*** SOURCE DATA Section Begins ***

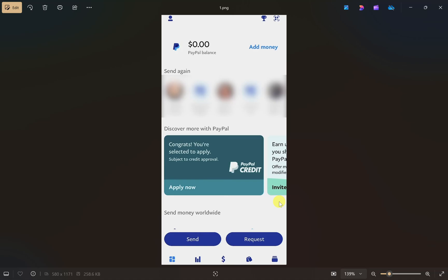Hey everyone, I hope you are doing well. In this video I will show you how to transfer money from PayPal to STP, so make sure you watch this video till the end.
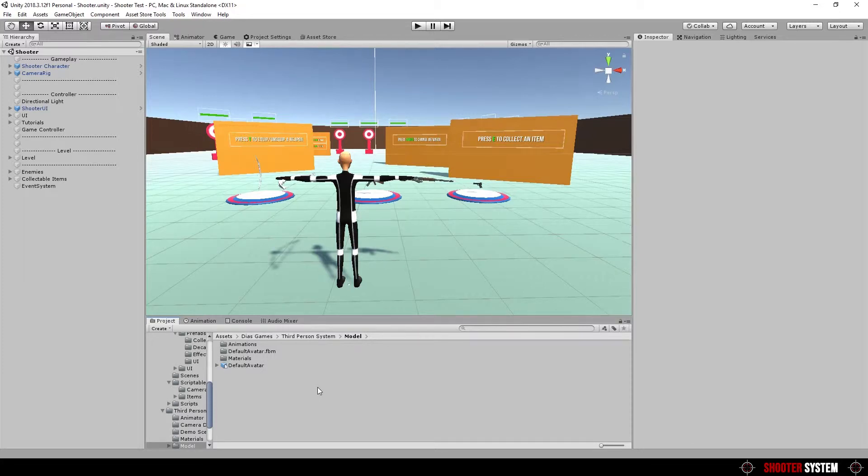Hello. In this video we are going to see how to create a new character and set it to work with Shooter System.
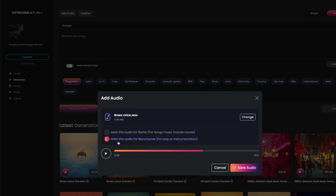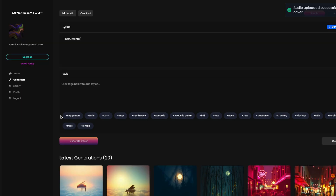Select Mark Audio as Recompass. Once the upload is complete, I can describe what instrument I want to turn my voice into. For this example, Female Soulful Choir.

*** SOURCE DATA Section Ends ***
*** SOURCE DATA Section Begins ***

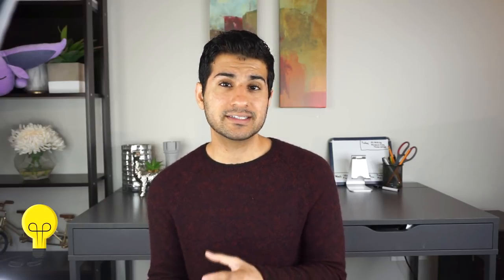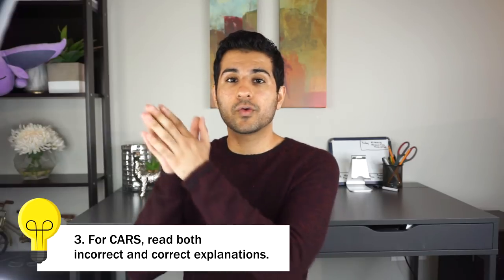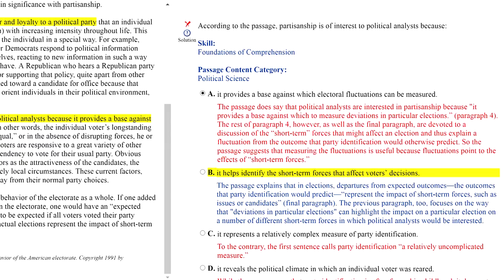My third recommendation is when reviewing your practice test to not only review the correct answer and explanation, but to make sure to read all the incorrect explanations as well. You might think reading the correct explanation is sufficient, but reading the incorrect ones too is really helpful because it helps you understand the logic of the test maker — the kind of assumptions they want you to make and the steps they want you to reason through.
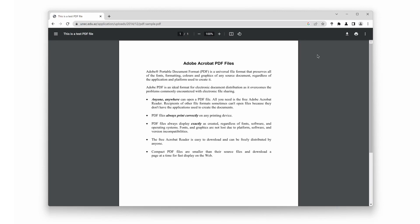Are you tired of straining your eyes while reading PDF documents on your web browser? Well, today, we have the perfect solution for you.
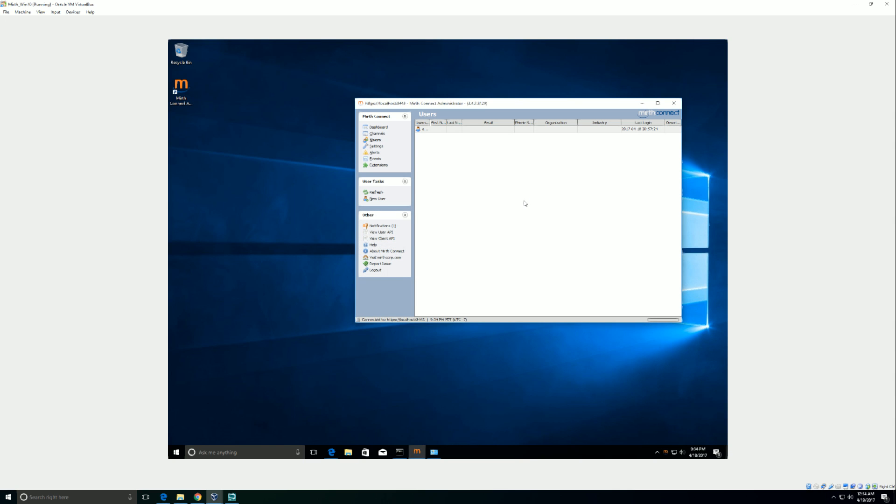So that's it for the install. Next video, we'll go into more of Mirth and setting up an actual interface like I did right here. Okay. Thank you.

*** SOURCE DATA Section Ends ***
*** SOURCE DATA Section Begins ***

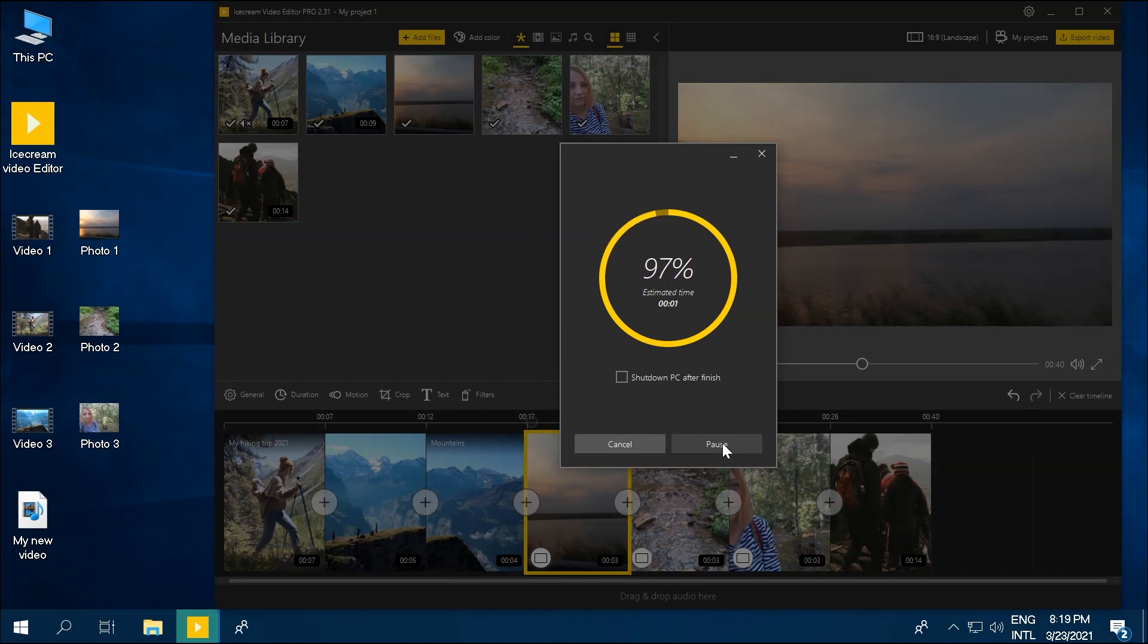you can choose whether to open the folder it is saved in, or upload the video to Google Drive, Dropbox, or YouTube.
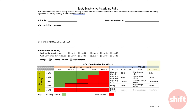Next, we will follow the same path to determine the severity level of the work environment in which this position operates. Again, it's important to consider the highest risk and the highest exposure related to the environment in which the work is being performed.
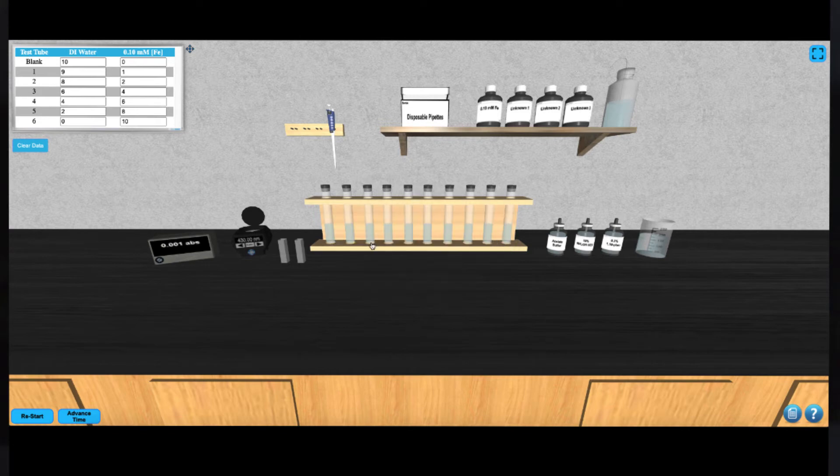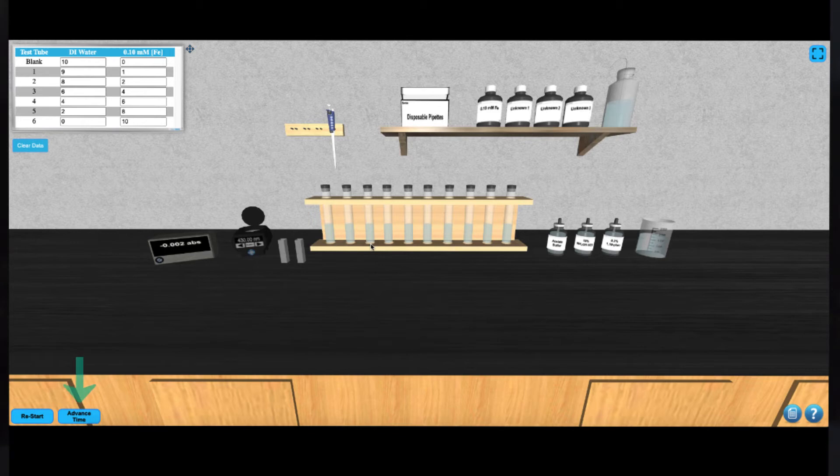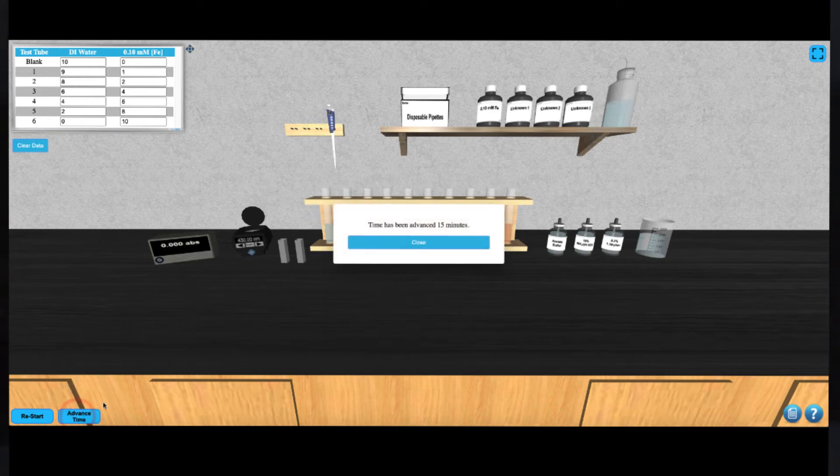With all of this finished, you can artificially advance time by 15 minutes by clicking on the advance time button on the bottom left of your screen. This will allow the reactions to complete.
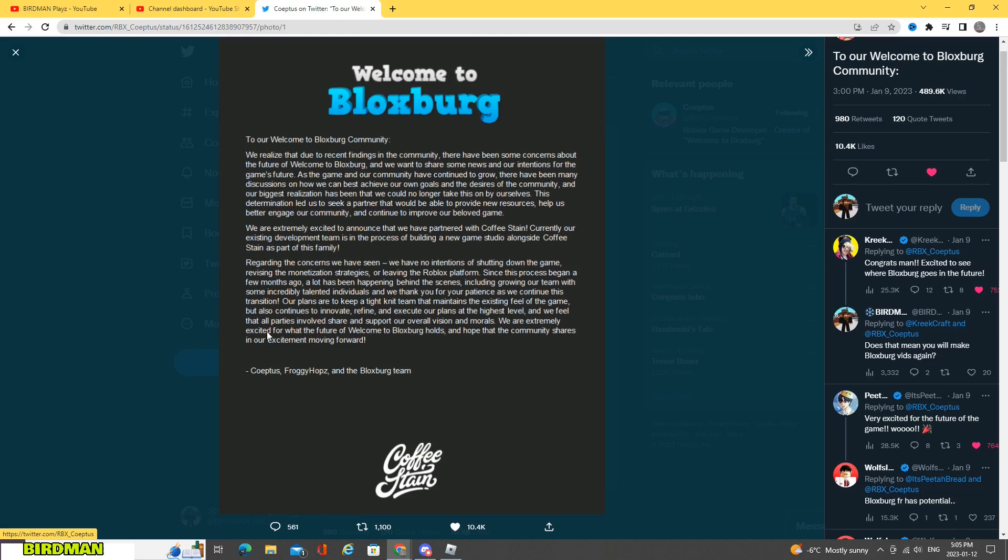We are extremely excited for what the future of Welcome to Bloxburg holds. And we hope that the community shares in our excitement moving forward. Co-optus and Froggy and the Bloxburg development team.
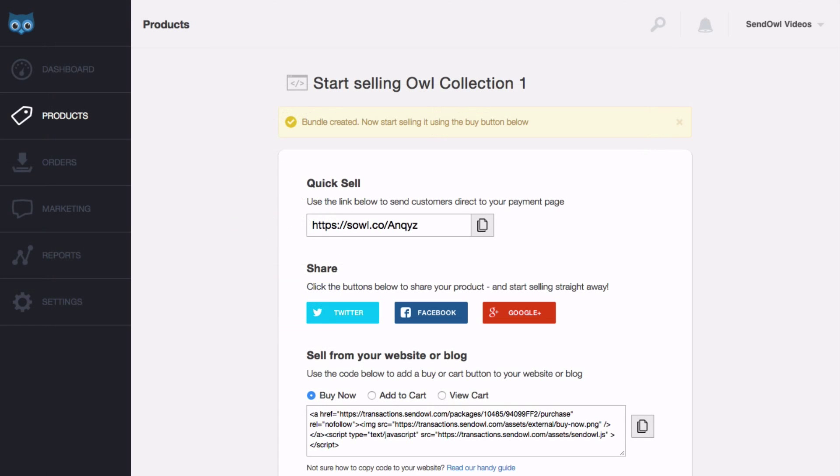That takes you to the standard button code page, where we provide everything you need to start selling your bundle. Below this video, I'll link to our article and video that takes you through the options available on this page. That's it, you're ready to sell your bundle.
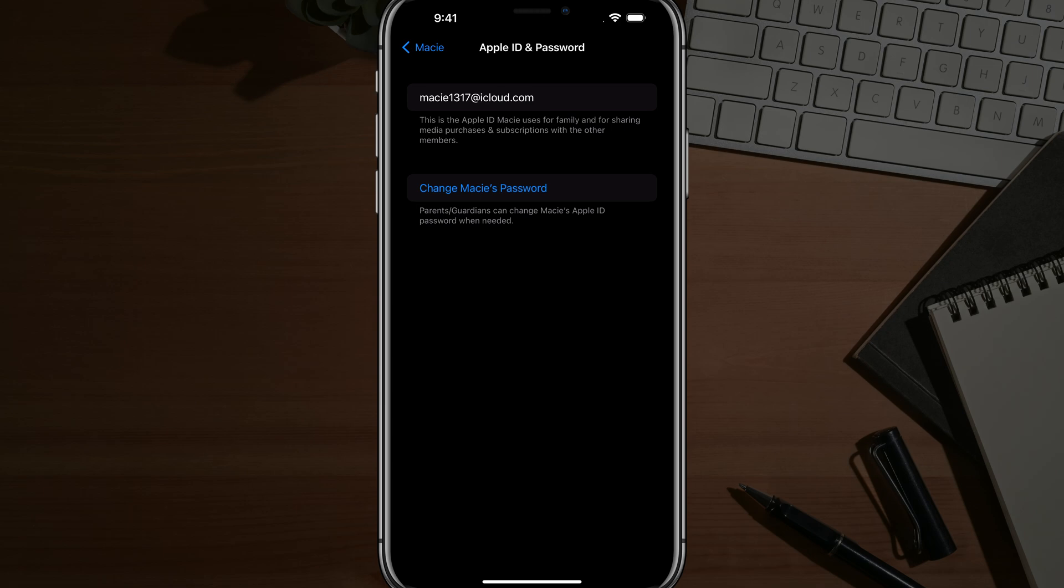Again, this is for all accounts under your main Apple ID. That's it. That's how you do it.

*** SOURCE DATA Section Ends ***

WHAT TO WORK ON: Set down, exactly as written above, each line from the one with "you can choose" through the one with "Again, this is", and skip the pictures.

OUTPUT:
you can choose whether to open the folder it is saved in, or upload the video to Google Drive, Dropbox, or YouTube.
Next, we will follow the same path to determine the severity level of the work environment in which this position operates. Again, it's important to consider the highest risk and the highest exposure related to the environment in which the work is being performed.
With all of this finished, you can artificially advance time by 15 minutes by clicking on the advance time button on the bottom left of your screen. This will allow the reactions to complete.
We are extremely excited for what the future of Welcome to Bloxburg holds. And we hope that the community shares in our excitement moving forward. Co-optus and Froggy and the Bloxburg development team.
That takes you to the standard button code page, where we provide everything you need to start selling your bundle. Below this video, I'll link to our article and video that takes you through the options available on this page. That's it, you're ready to sell your bundle.
Again, this is for all accounts under your main Apple ID. That's it. That's how you do it.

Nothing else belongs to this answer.